The Russo-Georgian War and the Balance of Power
By George Friedman
The Russian invasion of Georgia has not changed the balance of power in Eurasia. It simply announced that the balance of power had already shifted. The United States has been absorbed in its wars in Iraq and Afghanistan, as well as potential conflict with Iran and a destabilizing situation in Pakistan. It has no strategic ground forces in reserve and is in no position to intervene on the Russian periphery. This, as we have argued, has opened a window of opportunity for the Russians to reassert their influence in the former Soviet sphere. Moscow did not have to concern itself with the potential response of the United States or Europe; hence, the invasion did not shift the balance of power. The balance of power had already shifted, and it was up to the Russians when to make this public. They did that Aug. 8.
Let’s begin simply by reviewing the last few days.

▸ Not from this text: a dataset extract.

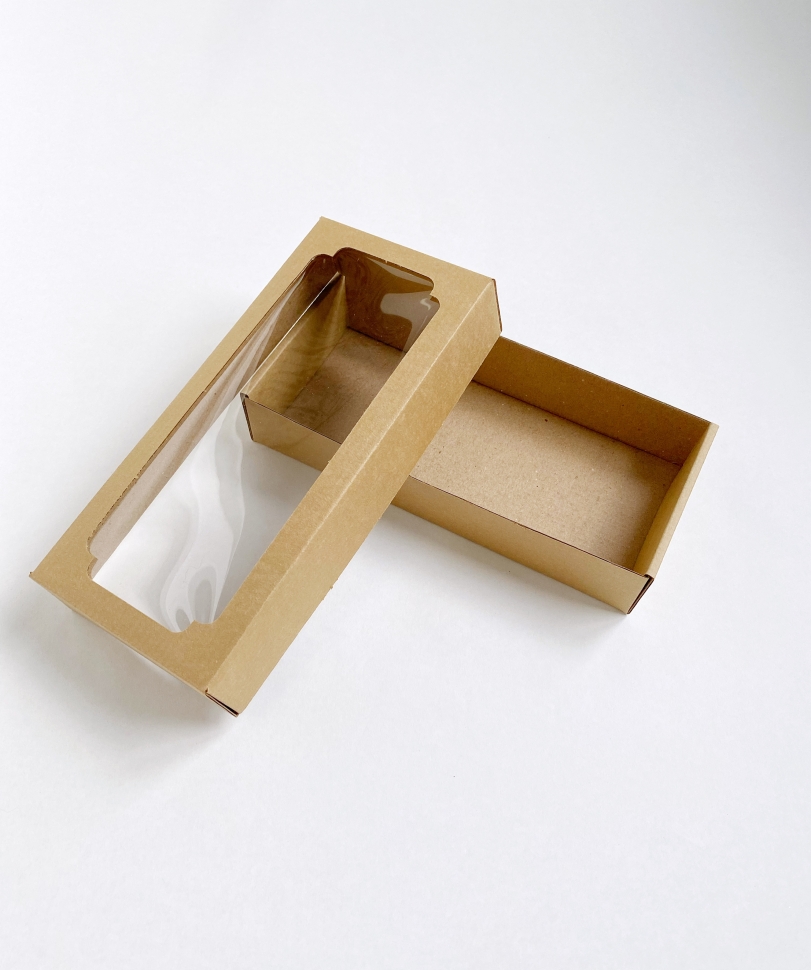 Коробка с окном 24х11,5х4,5 см.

On the night of Thursday, Aug. 7, forces of the Republic of Georgia drove across the border of South Ossetia, a secessionist region of Georgia that has functioned as an independent entity since the fall of the Soviet Union. The forces drove on to the capital, Tskhinvali, which is close to the border. Georgian forces got bogged down while trying to take the city. In spite of heavy fighting, they never fully secured the city, nor the rest of South Ossetia.

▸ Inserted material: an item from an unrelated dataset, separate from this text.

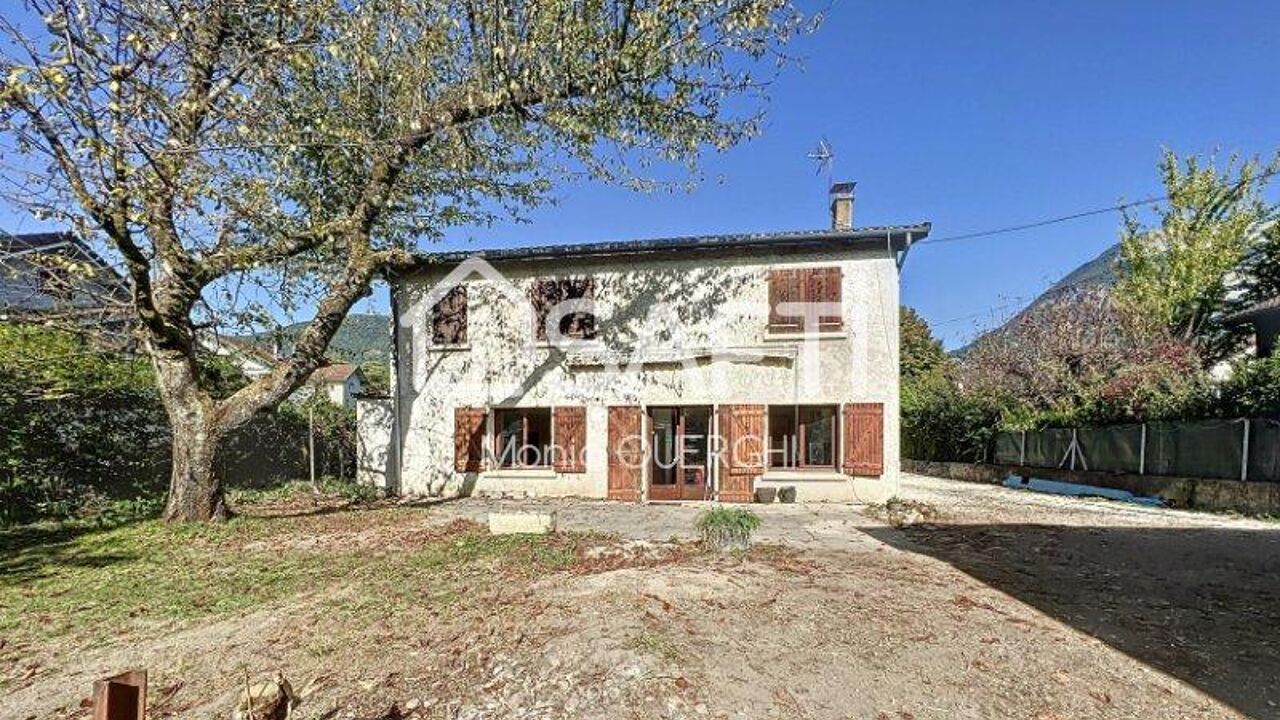 maison 6 pièces 160 m2 à vendre à La Tronche (38700)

On the morning of Aug. 8, Russian forces entered South Ossetia, using armored and motorized infantry forces along with air power. South Ossetia was informally aligned with Russia, and Russia acted to prevent the region’s absorption by Georgia. Given the speed with which the Russians responded — within hours of the Georgian attack — the Russians were expecting the Georgian attack and were themselves at their jumping-off points. The counterattack was carefully planned and competently executed, and over the next 48 hours, the Russians succeeded in defeating the main Georgian force and forcing a retreat. By Sunday, Aug. 10, the Russians had consolidated their position in South Ossetia.

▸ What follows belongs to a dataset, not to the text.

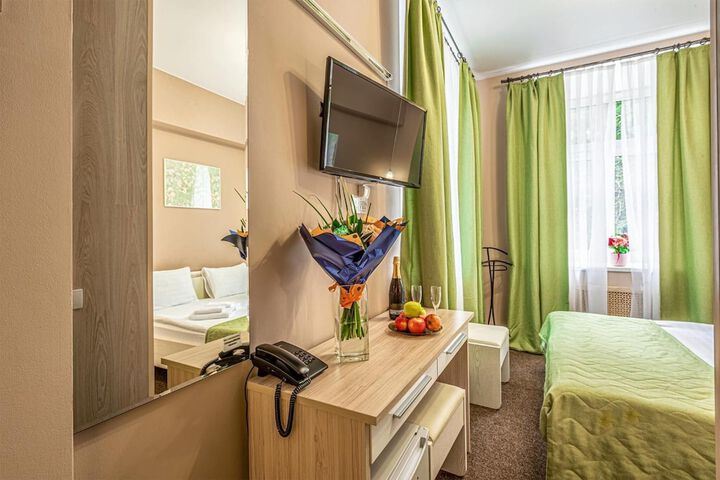 Room 32 of 56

On Monday, the Russians extended their offensive into Georgia proper, attacking on two axes. One was south from South Ossetia to the Georgian city of Gori. The other drive was from Abkhazia, another secessionist region of Georgia aligned with the Russians. This drive was designed to cut the road between the Georgian capital of Tbilisi and its ports. By this point, the Russians had bombed the military airfields at Marneuli and Vaziani and appeared to have disabled radars at the international airport in Tbilisi. These moves brought Russian forces to within 40 miles of the Georgian capital, while making outside reinforcement and resupply of Georgian forces extremely difficult should anyone wish to undertake it.
The Mystery Behind the Georgian Invasion
In this simple chronicle, there is something quite mysterious: Why did the Georgians choose to invade South Ossetia on Thursday night? There had been a great deal of shelling by the South Ossetians of Georgian villages for the previous three nights, but while possibly more intense than usual, artillery exchanges were routine. The Georgians might not have fought well, but they committed fairly substantial forces that must have taken at the very least several days to deploy and supply. Georgia’s move was deliberate.
The United States is Georgia’s closest ally. It maintained about 130 military advisers in Georgia, along with civilian advisers, contractors involved in all aspects of the Georgian government and people doing business in Georgia. It is inconceivable that the Americans were unaware of Georgia’s mobilization and intentions. It is also inconceivable that the Americans were unaware that the Russians had deployed substantial forces on the South Ossetian frontier. U.S. technical intelligence, from satellite imagery and signals intelligence to unmanned aerial vehicles, could not miss the fact that thousands of Russian troops were moving to forward positions. The Russians clearly knew the Georgians were ready to move. How could the United States not be aware of the Russians? Indeed, given the posture of Russian troops, how could intelligence analysts have missed the possibility that the Russians had laid a trap, hoping for a Georgian invasion to justify its own counterattack?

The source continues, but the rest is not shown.